Read more about the historical roots and current impact of the state's disenfranchisement policy in Florida: An Outlier in Denying Voting Rights.

Current Felony Disenfranchisement Law

An estimated 1.7 million Florida citizens, or 10.43% of the state’s voting-age population, are disenfranchised because of a criminal conviction.

In March 2011, the Florida Clemency Board turned back the clock on voting rights restoration efforts by passing a plan that eliminated the 2007 reforms and put up additional barriers for people seeking to have their voting rights restored.

The Brennan Center, along with other national civil rights organizations, submitted a letter to the Florida Clemency Board that expressed strong opposition to the plan, which was proposed by Attorney General Pam Bondi in February 2011. The letter urged Governor Scott and his cabinet to maintain the 2007 clemency rules. The American Probation and Parole Association also submitted a letter that encouraged the Florida Clemency Board to continue to restore voting rights to Floridians who have completed their criminal sentences according to the current clemency rules. The new rules adhere to the  Florida constitution, which denies the right to vote for life to anyone with a felony conviction, unless individual clemency is granted by the governor. Essentially, the new rules give the governor, an elected official, the power to decide who will (or won't) be allowed to vote in the next election.

The current clemency rules not only eliminate reforms passed by former Governor Charlie Crist, but they are also far more restrictive than the rules that had been in place under former Governor Jeb Bush. According to the new clemency rules:

  • People with even nonviolent convictions must wait five years after they complete all terms of their sentence before even being allowed to apply for restoration of civil rights.
  • The clock resets if an individual is arrested for even a misdemeanor during that five-year period, even if no charges are ever filed.
  • Some people must wait seven years before being able to apply, and must appear for a hearing before the clemency board.
  • A provision allowing people to apply for a waiver of the rules, in place under Bush and Crist, was eliminated.
  • Everyone applying for clemency must provide various documents with their application - Bush and Crist had made an exception for those applying for restoration of civil rights.
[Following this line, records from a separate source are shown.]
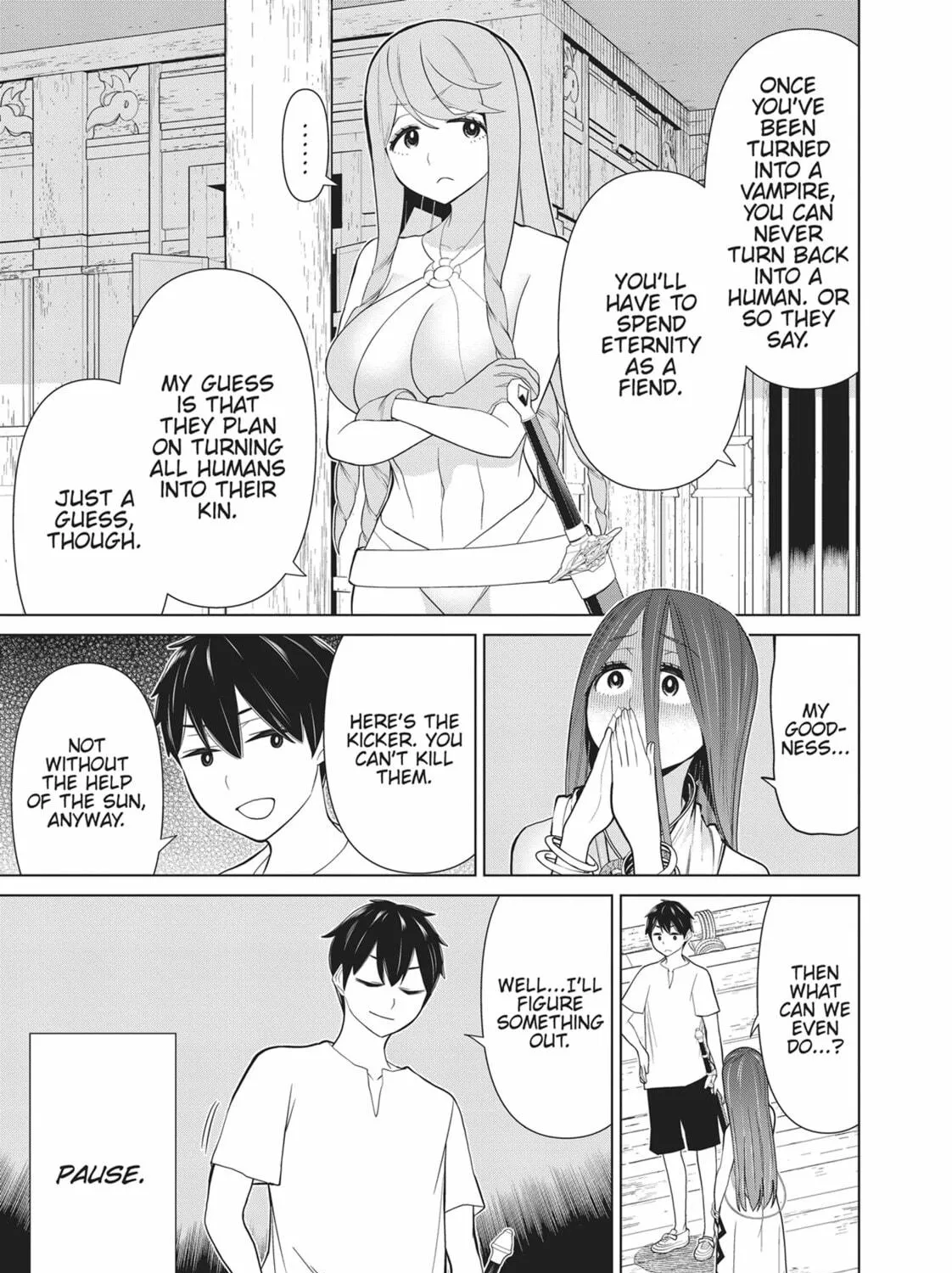 Time Stop Hero Chapter 32 page 9 - 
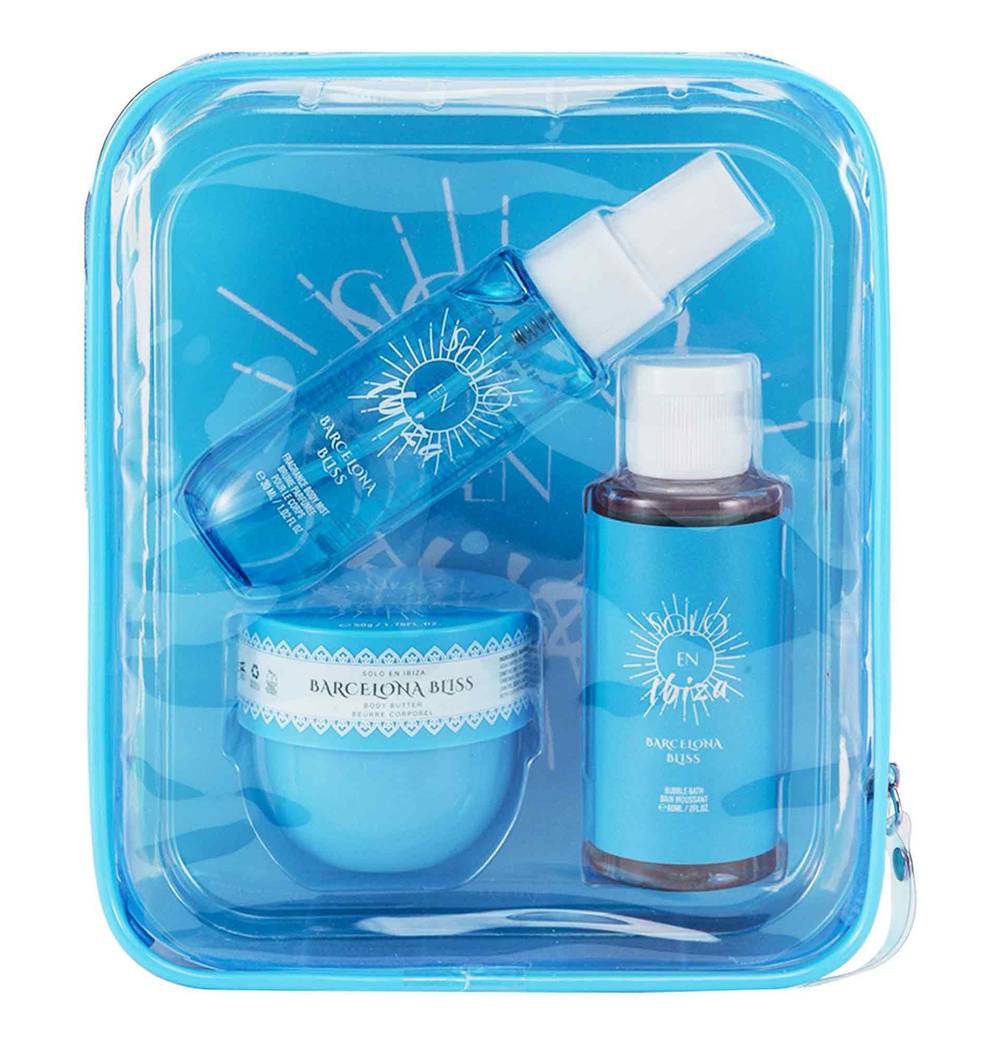 Solo En Ibiza Barcelona Bliss Gift Set, 4-Pieces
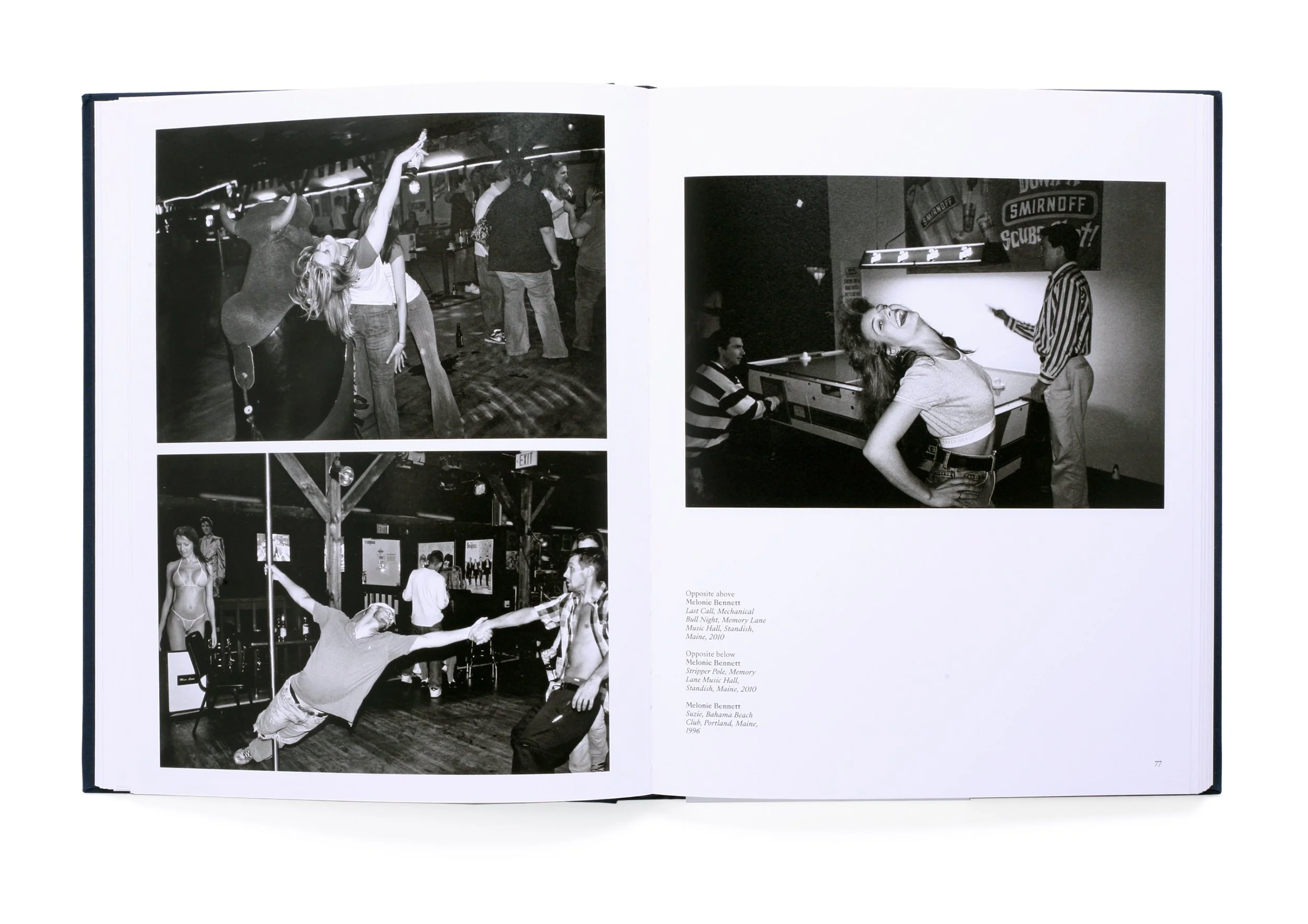 Presence: The Photography Collection of Judy Glickman Lauder Melonie Bennett, Memory Lane Music Hall, Standish, Maine , 2010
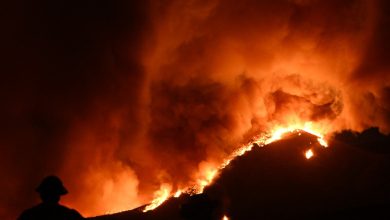 Photo of Un incendiu uriaș din Los Angeles și-a dublat dimensiunea în mai puțin de 24 de ore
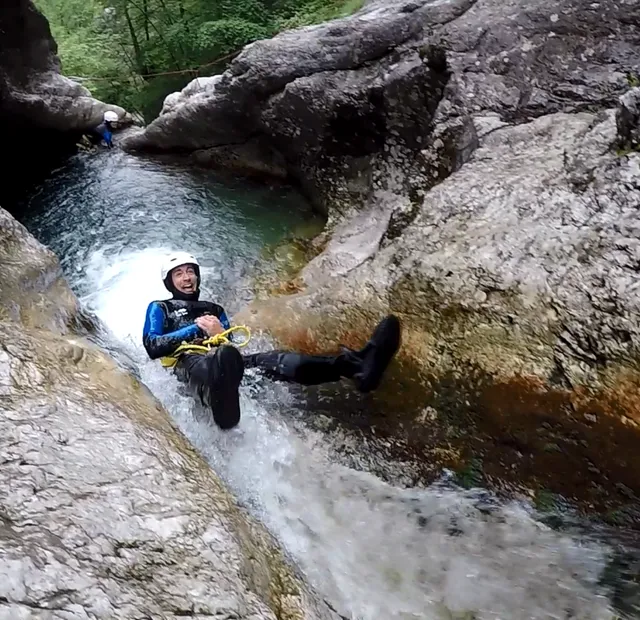 Bovec-canyoning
Litigation and administrative advocacy

In 2005, representing more than 613,000 people who had fully served their sentences on felony convictions but who were still barred from the polls in Florida, the Brennan Center challenged that state’s permanent disenfranchisement provision in Johnson v. Bush. Although that challenge failed in federal court, the case was an important vehicle for pressuring Florida policymakers to stop illegal purges of the voter rolls and to restore the right to vote. The Center drew upon documents discovered during the course of the litigation to prevent the state from using a flawed list of suspected “felons” as the basis for a purge of eligible voters before the November 2004 election.

Public education efforts

Record materials from Johnson v. Bush contained invaluable information on the scope and harms of permanent felony disenfranchisement in Florida. Based in part on that information, we created a fact sheet that documents racial bias in Florida’s criminal justice system and explains how the voting ban imports this bias into the electoral system. An additional fact sheet presents the racist origins of felony disenfranchisement in post-Civil War Florida. Our state partners use these materials to advance their advocacy of voting rights.